Well, because Tina Brown commented on it, and it's at least tangential because we've often discussed on here "what do women want/dating apps/men get the rough end of the stick in divorce/other such delightful War of the Sexes fodder".
I get the impression that Tina wasn't on the guest list so there may be an element of sour grapes here, but in general I think I agree. Jeff Bezos, fourth richest man in the world (depending on the day and the ranking) could have pretty much any woman in the world he wanted. So, who did he blow up his marriage for and before we get into the complaining about his wife taking him to the cleaners, it was he who caused the divorce (actually, divorces because his inamorata was also married at the time)?
The woman next door, a triumph of grinding determination to keep her figure through diet, exercise, and plastic surgery. She managed to find a classy wedding dress so kudos for that, as well as showing off the results of all that effort.

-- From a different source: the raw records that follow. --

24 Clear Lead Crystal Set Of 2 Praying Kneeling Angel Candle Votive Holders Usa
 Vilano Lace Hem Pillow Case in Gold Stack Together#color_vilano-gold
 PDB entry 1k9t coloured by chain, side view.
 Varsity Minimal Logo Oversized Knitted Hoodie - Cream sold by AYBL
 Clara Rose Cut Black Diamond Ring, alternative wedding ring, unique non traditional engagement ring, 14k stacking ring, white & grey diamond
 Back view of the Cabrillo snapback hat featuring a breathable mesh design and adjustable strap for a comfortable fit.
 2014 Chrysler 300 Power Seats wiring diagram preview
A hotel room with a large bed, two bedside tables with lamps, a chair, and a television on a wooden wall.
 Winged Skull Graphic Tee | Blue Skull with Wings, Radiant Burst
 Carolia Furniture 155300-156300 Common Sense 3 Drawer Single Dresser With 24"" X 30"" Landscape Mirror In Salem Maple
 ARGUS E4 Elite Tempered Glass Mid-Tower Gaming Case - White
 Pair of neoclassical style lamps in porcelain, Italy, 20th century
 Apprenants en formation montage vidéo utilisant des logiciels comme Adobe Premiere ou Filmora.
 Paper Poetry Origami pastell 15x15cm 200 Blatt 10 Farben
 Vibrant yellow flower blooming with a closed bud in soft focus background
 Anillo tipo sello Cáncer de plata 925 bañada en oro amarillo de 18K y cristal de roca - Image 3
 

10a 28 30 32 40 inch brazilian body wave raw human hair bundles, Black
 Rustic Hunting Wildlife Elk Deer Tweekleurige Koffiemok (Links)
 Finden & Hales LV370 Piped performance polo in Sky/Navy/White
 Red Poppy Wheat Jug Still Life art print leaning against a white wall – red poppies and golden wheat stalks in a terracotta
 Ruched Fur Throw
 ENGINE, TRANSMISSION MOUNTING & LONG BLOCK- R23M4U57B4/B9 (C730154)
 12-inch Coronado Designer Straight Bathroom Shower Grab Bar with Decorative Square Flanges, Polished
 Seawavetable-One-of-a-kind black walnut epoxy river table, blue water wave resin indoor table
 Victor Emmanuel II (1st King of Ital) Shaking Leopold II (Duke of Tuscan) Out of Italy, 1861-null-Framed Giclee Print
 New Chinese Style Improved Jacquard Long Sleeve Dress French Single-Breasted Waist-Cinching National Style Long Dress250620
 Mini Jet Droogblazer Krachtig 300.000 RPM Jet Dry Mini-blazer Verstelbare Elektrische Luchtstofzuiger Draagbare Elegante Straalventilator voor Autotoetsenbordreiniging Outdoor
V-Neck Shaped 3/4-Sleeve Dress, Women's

Back to Tina's commentary:
Ouch. But also, yes. What am I trying to say here? Mostly that the next time there's yet another post about reversing the fertility decline by putting obstacles in the way of women going to higher education, steering them to marrying early, and good old traditional 'the man is the head of the house and women should work to please their husband and that includes sex whenever and however he wants it', remember this. Male sexuality is a lot simpler than female sexuality. Jeff could have destroyed his marriage for a nubile twenty-something with naturally big assets, but he went for tawdry 'sexy' with the trout pout and plastic boobs (though once again, I have to salute her commitment to starving and exercising in order to keep a taut muscle tone). It's not much good to criticise women for being shallow in the dating market when the fruits of success are to dress like this and hook your own billionaire.
This Tina Brown seems awfully bitter and judgemental about another woman's appearance for a supposed feminist. I wonder what her problem is.
I think it's a perfectly coherent view - the point is that she (Sanchez) is condemning herself (and in a small way all women) to infantilisation. Getting fake tits is essentially indulging and perpetuating male chauvinism - she should be satisfied with her own personhood without having to surgically alter herself in order to please men. The broader point has been a feminist theme for centuries.
Wollstonecraft:
Do you know how many humans (male or female) are "satisfied with their own personhood"?
Not many!
We are all, at all times, engaged in a vain and desperate struggle to alter ourselves in order to solve the riddle of the Other's desire. It's not a woman thing it's a human thing.
(From Zizek's "How to Read Lacan")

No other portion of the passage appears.